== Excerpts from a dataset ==

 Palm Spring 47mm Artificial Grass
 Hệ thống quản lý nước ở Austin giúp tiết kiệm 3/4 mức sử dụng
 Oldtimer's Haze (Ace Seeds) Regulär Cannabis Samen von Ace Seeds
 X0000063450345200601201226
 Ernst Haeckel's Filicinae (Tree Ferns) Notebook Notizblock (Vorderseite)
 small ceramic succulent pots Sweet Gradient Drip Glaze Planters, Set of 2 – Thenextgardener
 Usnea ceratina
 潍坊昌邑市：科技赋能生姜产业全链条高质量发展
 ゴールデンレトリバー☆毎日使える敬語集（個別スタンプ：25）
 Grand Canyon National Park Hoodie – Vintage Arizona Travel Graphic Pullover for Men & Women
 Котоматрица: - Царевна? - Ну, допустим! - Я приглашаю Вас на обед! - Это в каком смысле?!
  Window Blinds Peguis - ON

== Exercise ==
Would you output all the records above exactly as written?

== Task response ==
 Palm Spring 47mm Artificial Grass
 Hệ thống quản lý nước ở Austin giúp tiết kiệm 3/4 mức sử dụng
 Oldtimer's Haze (Ace Seeds) Regulär Cannabis Samen von Ace Seeds
 X0000063450345200601201226
 Ernst Haeckel's Filicinae (Tree Ferns) Notebook Notizblock (Vorderseite)
 small ceramic succulent pots Sweet Gradient Drip Glaze Planters, Set of 2 – Thenextgardener
 Usnea ceratina
 潍坊昌邑市：科技赋能生姜产业全链条高质量发展
 ゴールデンレトリバー☆毎日使える敬語集（個別スタンプ：25）
 Grand Canyon National Park Hoodie – Vintage Arizona Travel Graphic Pullover for Men & Women
 Котоматрица: - Царевна? - Ну, допустим! - Я приглашаю Вас на обед! - Это в каком смысле?!
  Window Blinds Peguis - ON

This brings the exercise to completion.